RE: "R" Don't remove duplicates
yes, it should not be there. The histogram I have created is not proper one.
RE: "R" Don't remove duplicates
Please allow to keep duplicates. They are also part of historical data, need it in our forecasting in power BI
RE: "R" Don't remove duplicates
I strongly agree - I should be possible to turn off remove duplicates as an option.
RE: "R" Don't remove duplicates
Please do the same for Python!
RE: "R" Don't remove duplicates
Microsoft always adds useless features that always are dumb. The very least, for this stupid feature, is to have it disable-possible.
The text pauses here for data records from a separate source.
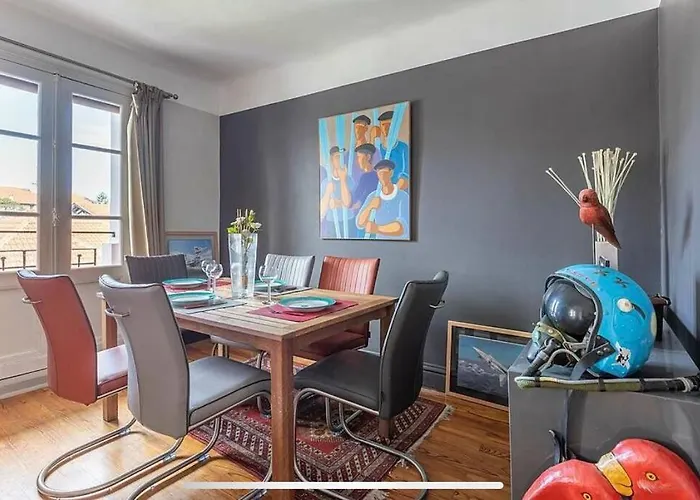 Appartement Exceptionnel 3 Pièces Art Déco En Dernier étage Avec Garage Privé Centre Biarritz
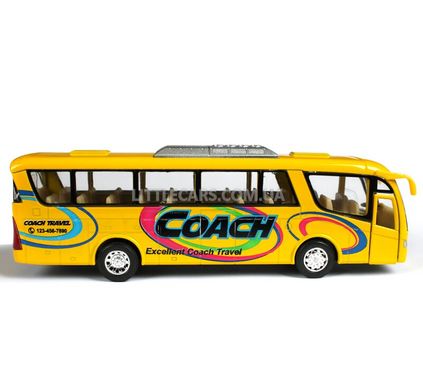 Kinsfun Bus Excellent Coach Travel Автобус жовтий KS7101WY фото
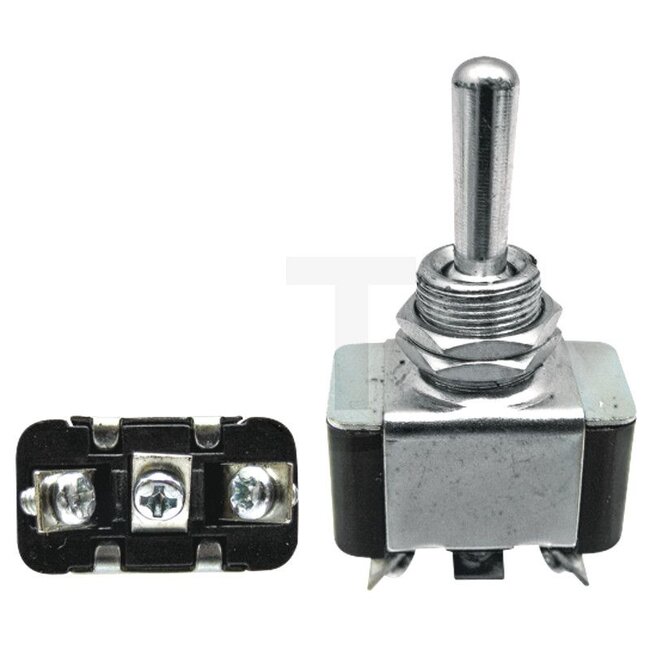 GRANIT Toggle switch Locks in place - 50700048, 20800305, 180589 | Version: On/off/on switch, 3 screw connections, with 0 position, power rating 12 V: 10 A A | Connection pin / clamp: 3 | Power rating max. 12 V: 10 | Mounting Ø: 12,0 mm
RE: "R" Don't remove duplicates
The work around for this is the use of an Index column. However, this does not work if the data is coming from different tables!!! I would have to create a new table with a index column for that new table containing the variables of interest. This would defeat the purpose of using a rational data structure and other aspects.
RE: "R" Don't remove duplicates
Why does it remove duplicates by default? When performing univariate qualitative analysis, I want to be able to drop in a single qualitative field. This means I WANT duplicates and having keys complicates the analysis meaninglessly.
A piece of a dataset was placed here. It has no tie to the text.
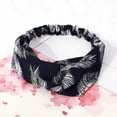 thumbnail image 3 of Turban pour Femmes Bandeau Respirant Absorbant Floral Bandeau de Course, 3 of 10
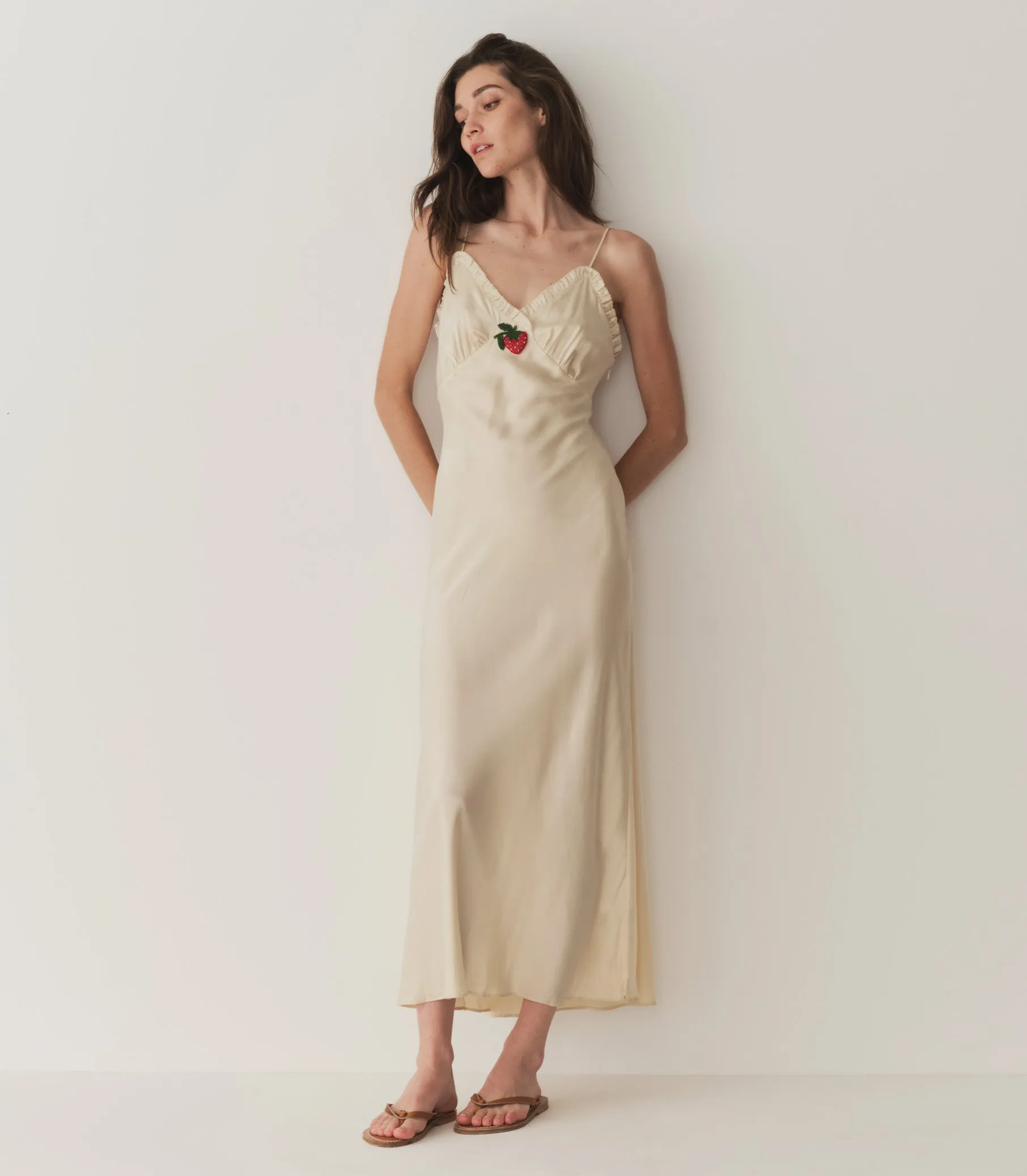 SANDIA DRESS -- MOTHER OF PEARL sold by Doen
That automatic removal should be made an option. I believe that it was added because of the limitation of R scripts in Power BI to 150k rows. The removal of duplicates by Power BI (in what I assume to be some sort of pre-processor directive like call judging by the invalid code syntax shows in the editor) probably helps mitigate that limitation in certain types of data sets. Unfortunately, without the option to turn off that "pre-processor" like call, an entire segment of potential analysis is complicated or even impossible (if the original data set has no key).
RE: "R" Don't remove duplicates
I have no idea why this feature isn't standard behaviour - it's trivial in R to remove duplicates from a dataset if that behaviour is desired
RE: "R" Don't remove duplicates
I want to use R to create a histogram. I add one column, and then it removes all the duplicates, which provides a completely inaccurate histogram. This is pretty stilly - and potentially problematic if someone uses this without noticing.
Yes, I can add extra columns, or create an ID column, but I don't want to. I don't want the program to remove duplicates, just because it sees fit. There are times when it isn't appropriate - and as the analyst I want that choice.
Also, I want to write the simplest code, and that should involve only one column for a histogram.